Do you use a task-management tool?

How long (and realistic) is your to-do list?

What do your calendar and schedule look like?

Is most of your schedule fixed or do you have some flexibility?



Finally, check your resources.


What’s using up your most valuable resources: your time and energy?


Is it the important, big picture stuff? Is it what’s evolving your career, relationships, and yourself into where you want them to be?


Or is it the small, mundane day-to-day tasks that always seem to be piling up—no matter how much time you spend on them?


If it’s the latter, you’ve got too much “stuff” to do. And it might not be the right stuff.


This stuff—the tedious, unproductive, or time-wasting tasks—keeps your engine running and wheels spinning but doesn’t actually get you anywhere.



How do you get the “right” stuff done?

Ernest Hemingway wrote first thing each morning. “When I am working on a book or a story, I write every morning as soon after first light as possible. There is no one to disturb you and it is cool or cold and you come to your work and warm as you write.”


We often assume that checking off boxes on our to-do lists is our most impressive feat. But what’s important is getting the right things done (and getting them done consistently).


That’s why defining your Most Important Thing (MIT) for the day is key. Knowing what you want to accomplish is the first step toward accomplishing it.



How to determine your “right” stuff


Take some time to list your current roles and priorities. Also include what you’d like to prioritize.


Reflect on what’s on your list. Family relationships? Physical health? Jewelry-making? Whatever it looks like, how will you make these facets of your life a priority?


I start by setting an intention for each day of the week. Though my schedule can become scattered with both full-time and contract work, I make sure that my personal priorities don’t get caught on the back-burner.


This may vary month-to-month as life shifts and your focus changes. That’s okay. 


For example, my intention for May was Mental Clarity. Here’s what each week emphasized:


Sunday: Soul-nourishment, week prep
Monday: Writing
Tuesday: Writing (again, as I was writing one book and outlining another)
Wednesday: Creativity
Thursday: Business growth, development
Friday: Learning
Saturday: Social, relationships


Note that your daily intention isn’t the only thing on your plate for the day. Its purpose is to encourage you to act on your priorities. Setting a consistent intention (i.e. dedicating time to creativity each week) reminds you that you once said, “Hey! This is important! Don’t forget about this!”



How to do what’s “right” for you


Next, of course, is practicing your intention (i.e. doing your Most Important Thing). For Hemingway, writing first thing in the morning worked.

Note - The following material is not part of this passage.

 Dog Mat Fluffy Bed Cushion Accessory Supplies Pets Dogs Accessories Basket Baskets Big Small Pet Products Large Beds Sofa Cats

He had no distractions and he dove into his day with his Most Important Thing.


This strategy is extremely effective. Why? If you do the most important thing first each day, then you’ll always get something important done.


With the “first things first” approach, you’re more likely to do it well. You invest your best energy and effort to what’s most important.


Bonus: Like Hemingway, doing your first thing(s) first means you’re more likely to be without distraction. Small tasks and demands often sneak into your schedule throughout the day. If you’ve already completed your MIT, you can better address the small stuff without rushing through it to work on your big picture priorities.


Remember to be flexible! If you’re unable to do the Most Important Thing first, choose a time that will work. There’s no universally-scheduled “right” time to do anything. It’s about what works for you to allow you to get your big things done (and done well).  


It’s not necessarily about when it gets done but rather making sure that it gets done.



Action for today:

  1.  Do a self check-in. What’s demanding your time and energy?
  2.  Define big-picture priorities. Where do you want to invest your time and energy?
  3.  Determine what specific action you’ll take to work on that priority each day/week.
  4.  Plan your time based on your priorities. Maybe early mornings are for writing, business hours are at your day job, and evenings are for family. Or plan by day: Thursday is business development, Friday is date night, Saturday is family, etc.


Start by determining what’s important to you. Then make time for it.


Remember: stuff happens. Do your best to make sure yours is the right stuff.